Asset Protection Planning Should Start Before Claims Arise
The most effective asset protection plans need to be put in place long before a creditors claim or liability arises. Transactions that occur after a claim has arisen are likely to be considered violations of “fraudulent transfer” laws. Another important reason for early planning is that most people don’t understand when the claim or liability actually arises. Once you have received a demand for payment or been served with a lawsuit, it is too late.
It is a common misconception that the only consequence of late planning is the voiding of what is considered a fraudulent transfer. Instead, both the debtor and the person who aided in the fraudulent transfer can be held liable for attorney fees incurred by the creditor involved. The debtor may also lose any chance of discharging that particular debt in bankruptcy.
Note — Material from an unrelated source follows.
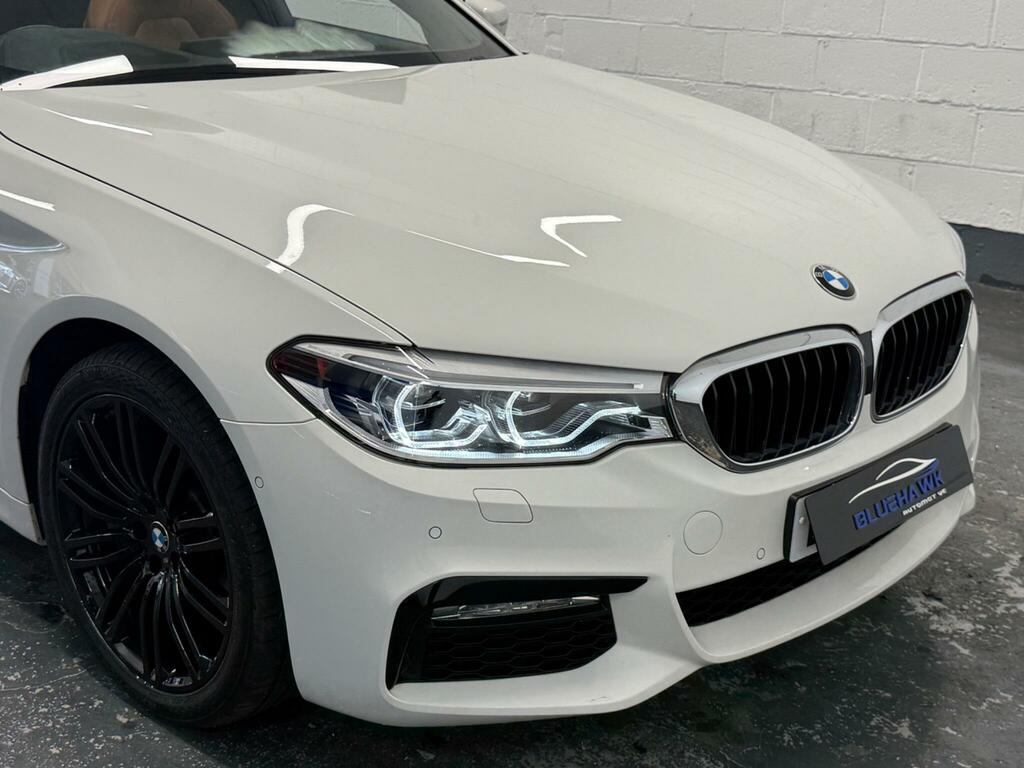 BMW 5 Series 530E M Sport Grey #55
Asset Protection Planning Should not be a Substitute for Insurance
Asset protection planning should never be considered a substitute for liability or professional insurance. It is meant to only supplement such insurance. Asset protection plans do not deter lawsuits, nor do they pay for legal fees required to defend against a lawsuit. If you are sued, your insurance company will be responsible for defending the lawsuit, as well as paying to settle.
Personal Assets Should Not be placed in Business Entities
The general rule is, trusts are for personal assets and business entities are for business assets. This means that various business entities, such as corporations, partnerships and limited liability corporations, are meant to be vehicles for business assets only. Whereas personal assets should be placed in some form of trust.